— WHAT THE TASK REQUIRES —
Range to repeat from the listing below: the line containing "94 Dawson Rd, Glenlee QLD 4711" down to the line containing "Photo of the", both included. Copy it exactly, pictures excluded, and add nothing else.

— SOURCE DATA —
= = =

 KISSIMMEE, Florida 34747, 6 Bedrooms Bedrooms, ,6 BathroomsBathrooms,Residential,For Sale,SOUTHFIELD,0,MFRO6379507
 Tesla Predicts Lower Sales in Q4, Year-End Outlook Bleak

= = =

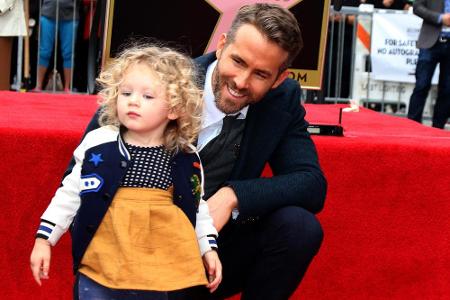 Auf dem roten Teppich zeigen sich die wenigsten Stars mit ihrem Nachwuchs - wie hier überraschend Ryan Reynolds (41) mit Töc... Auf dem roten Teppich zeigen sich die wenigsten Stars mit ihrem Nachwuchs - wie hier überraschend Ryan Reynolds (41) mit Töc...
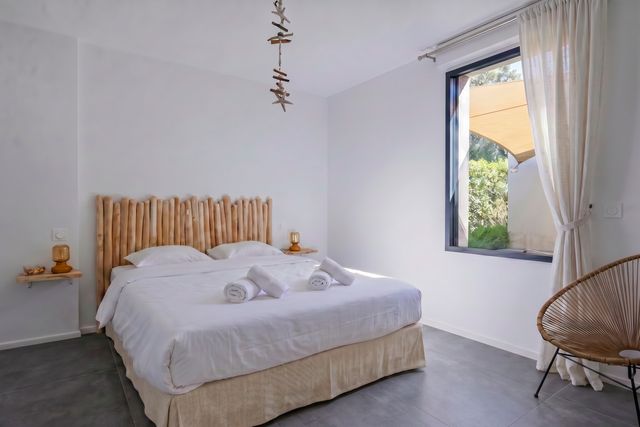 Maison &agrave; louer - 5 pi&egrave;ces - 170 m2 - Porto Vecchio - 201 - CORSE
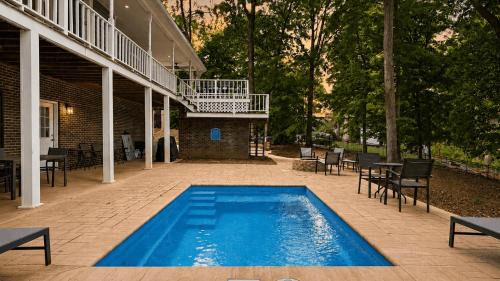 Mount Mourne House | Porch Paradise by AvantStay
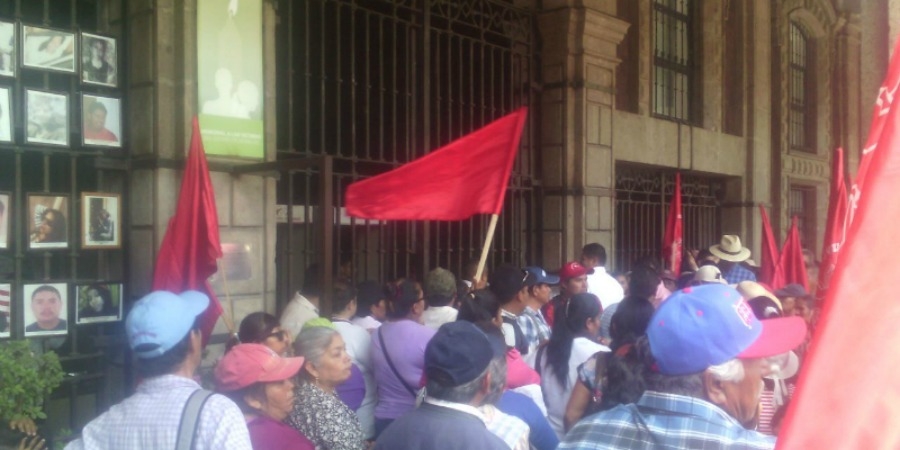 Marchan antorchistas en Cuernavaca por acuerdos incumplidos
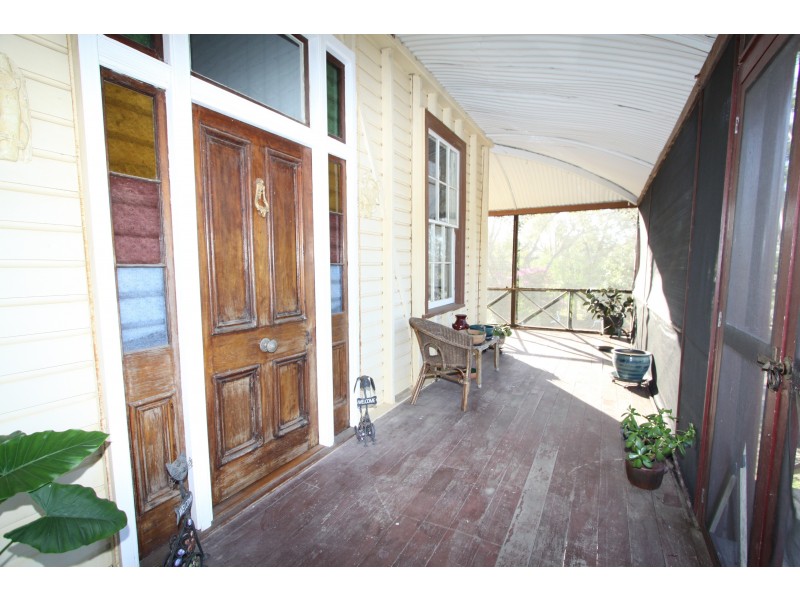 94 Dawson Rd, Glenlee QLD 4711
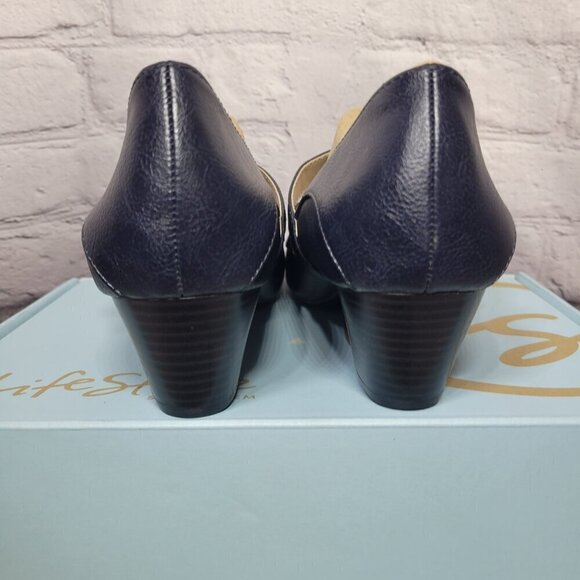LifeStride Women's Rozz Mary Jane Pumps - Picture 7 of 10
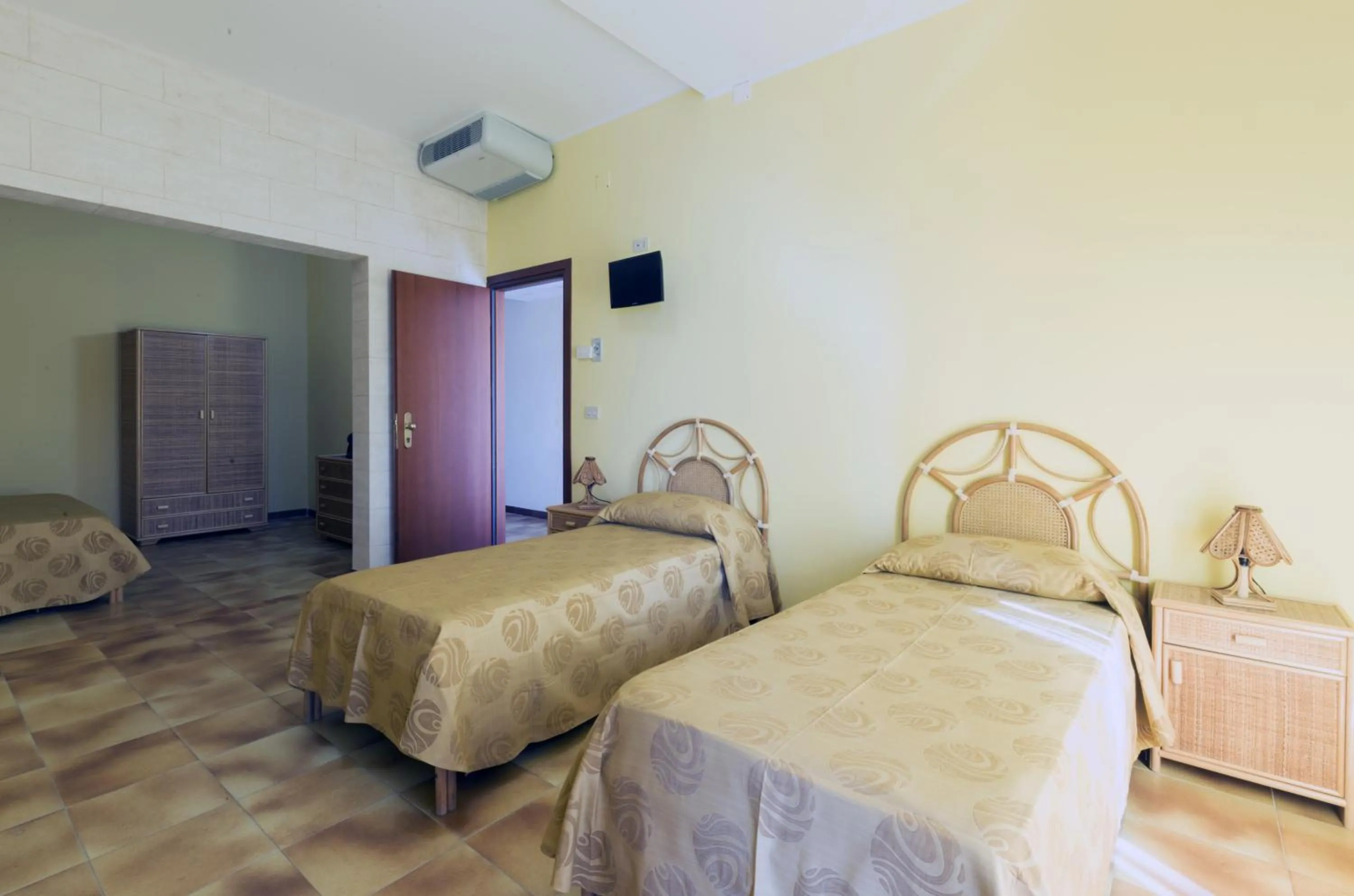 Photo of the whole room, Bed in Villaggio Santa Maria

= = =

— SOLUTION TO THE EXERCISE —
 94 Dawson Rd, Glenlee QLD 4711
LifeStride Women's Rozz Mary Jane Pumps - Picture 7 of 10
 Photo of the whole room, Bed in Villaggio Santa Maria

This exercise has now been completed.